One of the Best known laws in Hammurabi's Code is :
"If a man destroy the eye of another man, they shall destroy his eye. If one break a man's bone, they shall break his bone. If one destroy the eye of a freeman or break the bone of a freeman he shall pay one gold mina. If one destroy the eye of a man's slave or break a bone of a man's slave he shall pay one-half his price."
Assyrian Law: It was very similar to Sumerian and Babylonian Law, although the Penalties were more Brutal and Barbaric. The First copy of the code dated to the Reign of Tiglath Pileser I, was Discovered during an Excavation by the German Oriental Society. Three Assyrian law collections have been found to date. Punishments such as the cropping of ears and noses were common, as it was in the Code of Hammurabi, which was composed several centuries earlier. Murder was punished by the family being allowed to decide the death penalty for the murderer.
Draco was a legislator, the first of Athens in Ancient Greece. His Constitution replaced the prevailing system of oral law and Blood feud by a written code (thus, Suggesting Uniform[ity]).Draco's Representation can be found in the Library of the Supreme Court of the United States . It generates the Adjecive Draconian which means 'unforgiving rules or laws'.
The Laws in the Draconian Constitution(first Constitution of Athens)[Written in 7th Century BC.] were posted on Wooden Tablets, Where they were preserved for almost three Centuries on steles of the shape of three-sided pyramid. The Laws Distinguished Murder and involuntary Homicide. The laws, however, were particularly harsh. For example, any debtor whose status was lower than that of his creditor was forced into slavery. The punishment was more lenient for those owing a debt to a member of a lower class. The death penalty was the punishment for even minor offences, such as 'stealing a cabbage'. Concerning the liberal use of the death penalty in the Draconic code, Plutarch states: 'It is said that Drakon himself, when asked why he had fixed the punishment of death for most offences, answered that he considered these lesser crimes to deserve it, and he had no greater punishment for more important ones'.
All his laws were repealed by Solon in the early 6th century BC with the exception of the homicide law.
According to the preserved part of the inscription, unintentional homicides received a sentence of exile. 'Even if a man not intentionally kills another, he is exiled'.
No systematic collection of Greek laws has come down to us.
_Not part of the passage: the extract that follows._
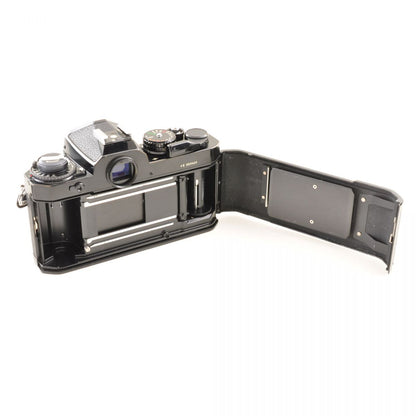 【中古】Nikon FE ブラック 35mm 一眼レフフィルムカメラ + Ai 36-72mm f/3.5 ズームレンズ ニコン S/N: 3539459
Our knowledge of some of the earliest notions of the subject is derived from the Homeric poems.
Code of Nesilim
It is an ancient Hittite legal code dating from 1650-1500 BC. It was got Laws Regarding Arguments between Men and Women, Soldiers, Slays and Free Men.
Traditional Chinese Law
It was established in 11th Century BC and Lasted upto 1911 when the last imperial Dynasty fell. This legal tradition is distinct from the common law and civil law traditions of the West - as well as Islamic law and classical Hindu law - and to a great extent, is contrary to the concepts of contemporary Chinese law. It incorporates elements of both Legalist and Confucian traditions of social order and governance. To Westerners, perhaps the most striking feature of the traditional Chinese criminal procedure is that it was an inquisitorial system where the judge conducts a public investigation of a crime, rather than an adversarial system where the judge decides between attorneys representing the prosecution and defence. "The Chinese traditionally despised the role of advocate and saw such people as parasites who attempted to profit from the difficulties of others. The magistrate saw himself as someone seeking the truth, not a partisan for either side."
Code of Ur-Nammu:
It is the oldest known law code written to have survived till date. Its preface directly credits the laws to King Ur-Nammu who was also the actual author of the code and had the laws written down into Cuneiform tablets. It was written in Sumerian Language in 2100-2050 BC. More than half-of-it has been destroyed. For the oldest extant law-code known to history, it is considered remarkably advanced, because it institutes fines of monetary compensation for bodily damage, as opposed to the later lex talionis ('eye for an eye') principle of Babylonian law; however, murder, robbery, adultery and rape were capital offenses. Beneath the lugal ("great man" or king), all members of society belonged to one of two basic strata: The "lu" or free person, or the slave (male, arad; female geme). The son of a lu was called adumu-nita until he married, becoming a "young man" (gurus). A woman (munus) went from being a daughter (dumu-mi), to a wife (dam), then if she outlived her husband, a widow (nu-ma-su), who could remarry.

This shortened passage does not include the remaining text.